What is the Tennessee Innocence Project and how does its work impact the Nashville community.
If you’ve ever seen a true crime documentary, listened to a podcast, or read an article about someone being exonerated and freed after years in prison, that’s what we do. The Tennessee Innocence Project is a state-wide, non-profit law firm whose mission is to free wrongfully convicted Tennesseans and facilitate systemic changes that prevent wrongful convictions from occurring in the future. According to the National Registry of Exonerations, Tennessee has only achieved 30 exonerations since 1989, including four achieved by the Tennessee Innocence Project; our four exonerees collectively spent 95 years wrongfully imprisoned. Some of our neighbors – such as Georgia (48 exonerations), North Carolina (72 exonerations), and Ohio (98 exonerations) – have had innocence organizations for 15 to 20 years. Tennessee is not administering justice better than any other state. We simply did not have the mechanisms in place to ensure we could fix wrongful convictions until our organization was formed only four years ago. Since opening, the demand for the Tennessee Innocence Project’s services has gone through the roof, with more than 700 inquiries received to date.

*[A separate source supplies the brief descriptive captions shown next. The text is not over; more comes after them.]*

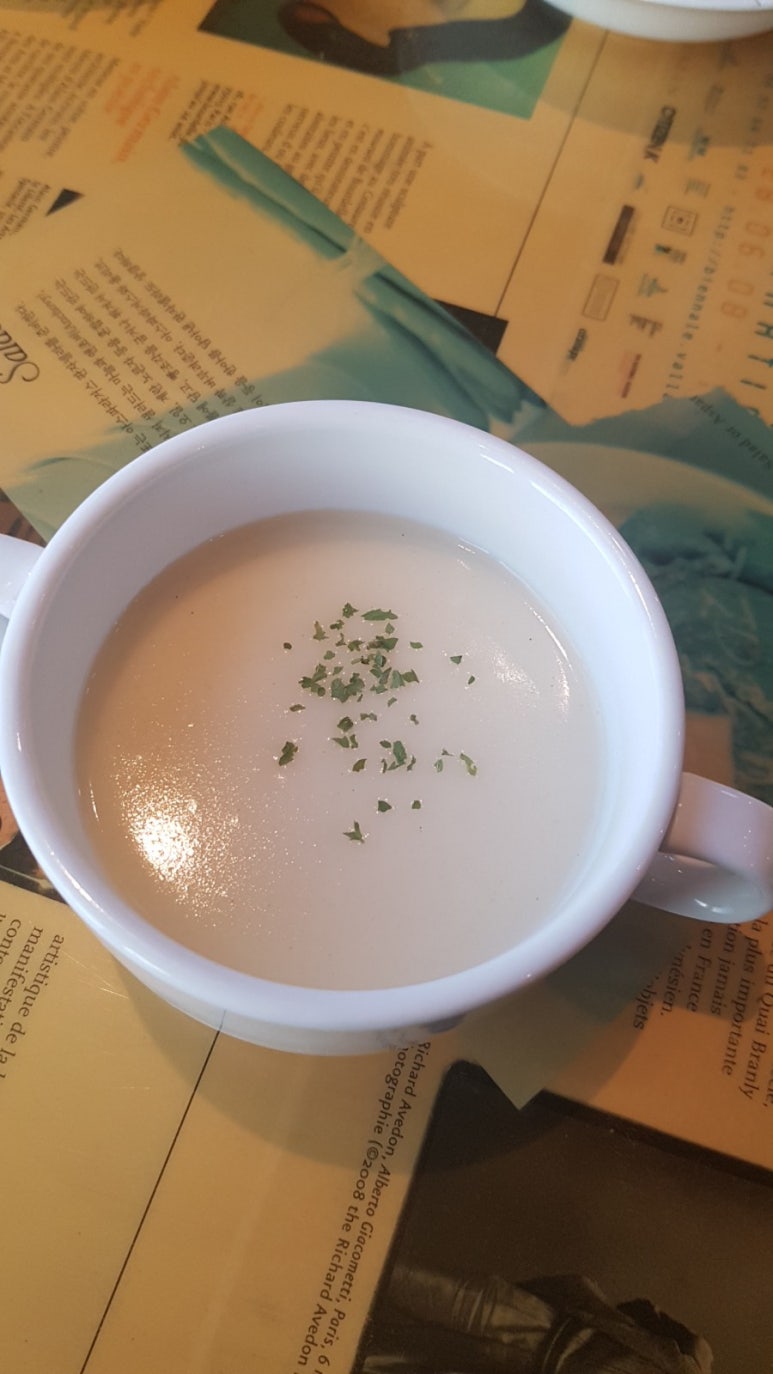 삼바스카이 이미지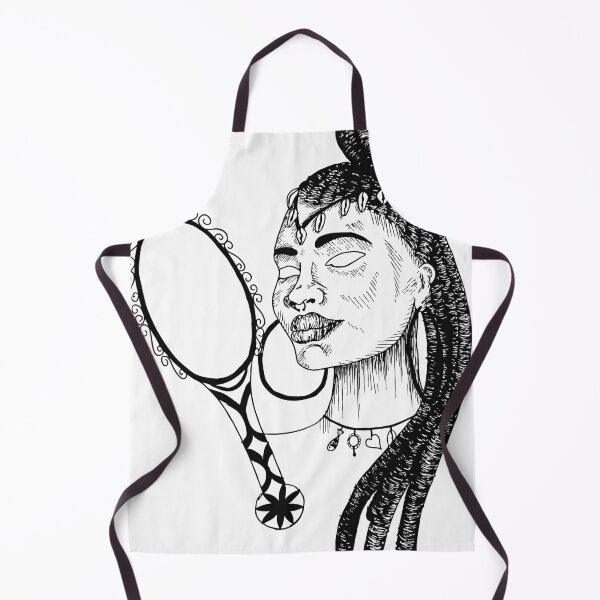Item preview, Oxum designed and sold by adrianotattoo.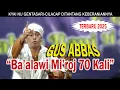 Download Lagu PENGAJIAN BERSAMA GUS ABBAS (BUNTET,CIREBON) DI GENTASRI - CILACAP, 17 FEBRUARI 2025 MP3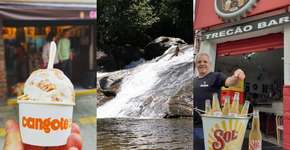 7 passeios para se refrescar no calor de São Paulo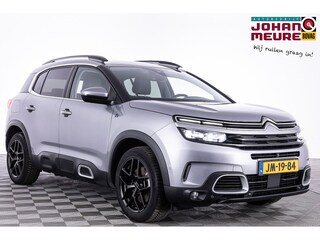 Citroën C5 Aircross 1.6 Plug-in Hybrid 225 Shine PACK | LEDER | NAVI | CAMERA | ECC | VELGEN | EL. Stoel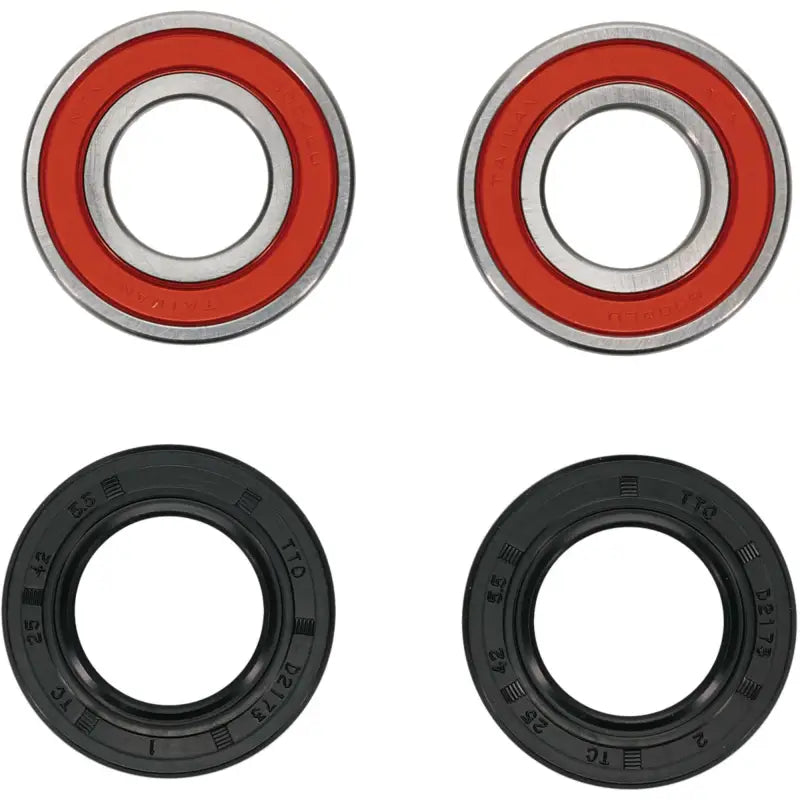 Wheel Bearing Kit Premium 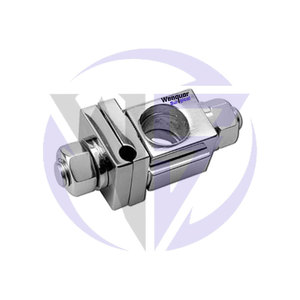 External Fixator Instrument Clamp and <b>Rod</b> Orthopedic - Product Image 4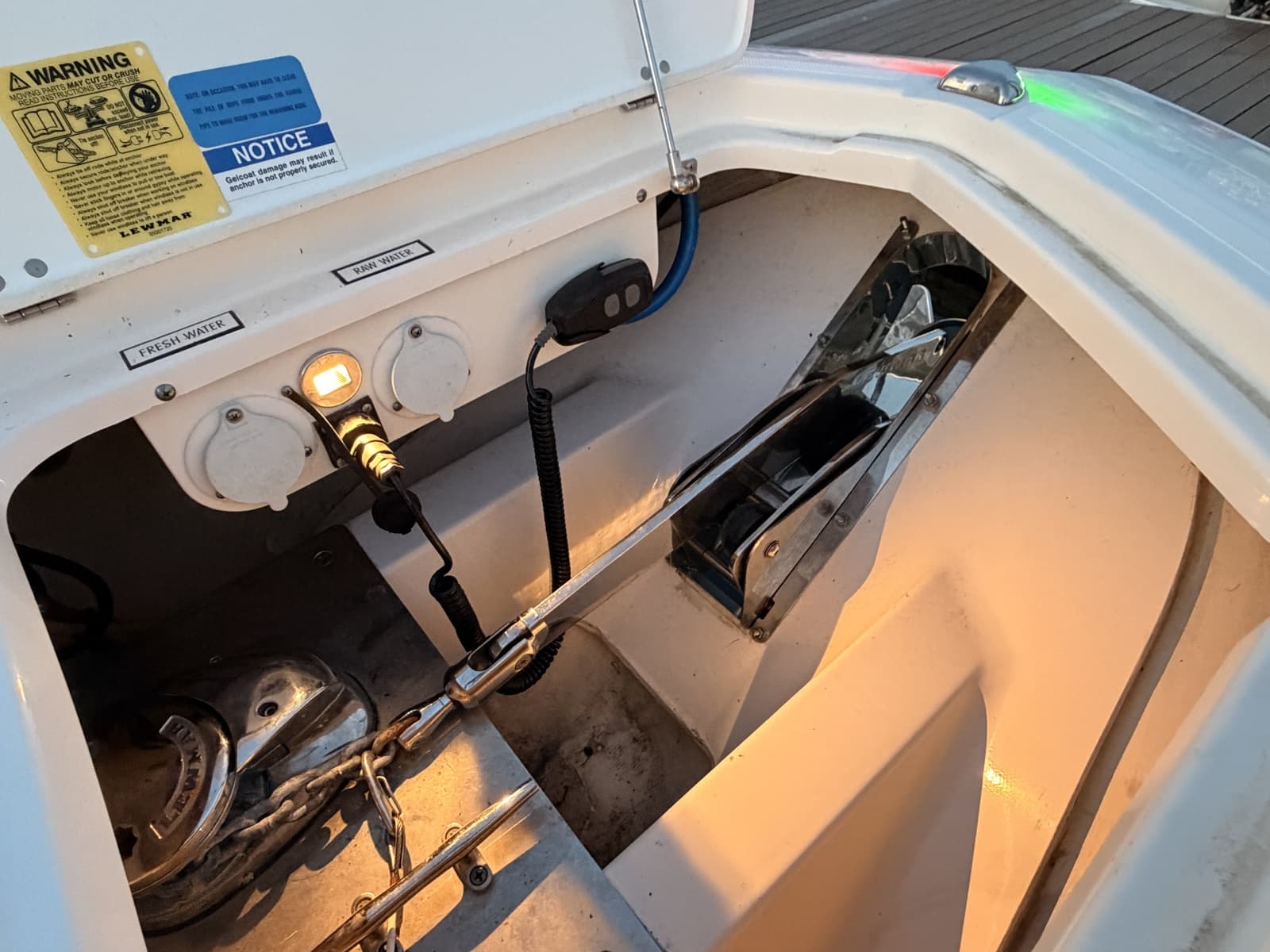 2022 Pursuit S378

How does your YLC training influence the work that you do with the Tennessee Innocence Project and as a leader within the Nashville nonprofit community?
As a nonprofit professional, I learned so much from YLC. On the practical side, I must admit I learned how to read a profit and loss statement! YLC also encouraged me as a young leader to get involved and give back. The program helped me connect with Project Return, where I interned and then served as a Board Member for two years. The training also prepared me to lead in the Jewish community, where I serve on multiple Boards, including the Jewish Federation of Greater Nashville, Jewish Middle School, and National Council of Jewish Women – Nashville Section. In my current role at the Tennessee Innocence Project, I helped set up our YLC internship program, and we are proud to be welcoming our second intern this fiscal year.
What has been the greatest benefit you’ve received from participating in the YLC training program?
I’ve truly enjoyed the network of people I’ve met and continue to meet through YLC. I’m still friends with other participants from my cohort, and it seems like every other week I’m invited to a YLC event or meet someone else who went through the program.
What advice would you share with other YLC alumni who are looking to plug into the work you’re doing at the TN Innocence Project?
Please reach out to me if you have questions about nonprofit development or the Tennessee Innocence Project. We would love to have more volunteers, help others learn more about our work, and would certainly appreciate any financial support for our mission. I can be reached via email at firstname.lastname@example.org.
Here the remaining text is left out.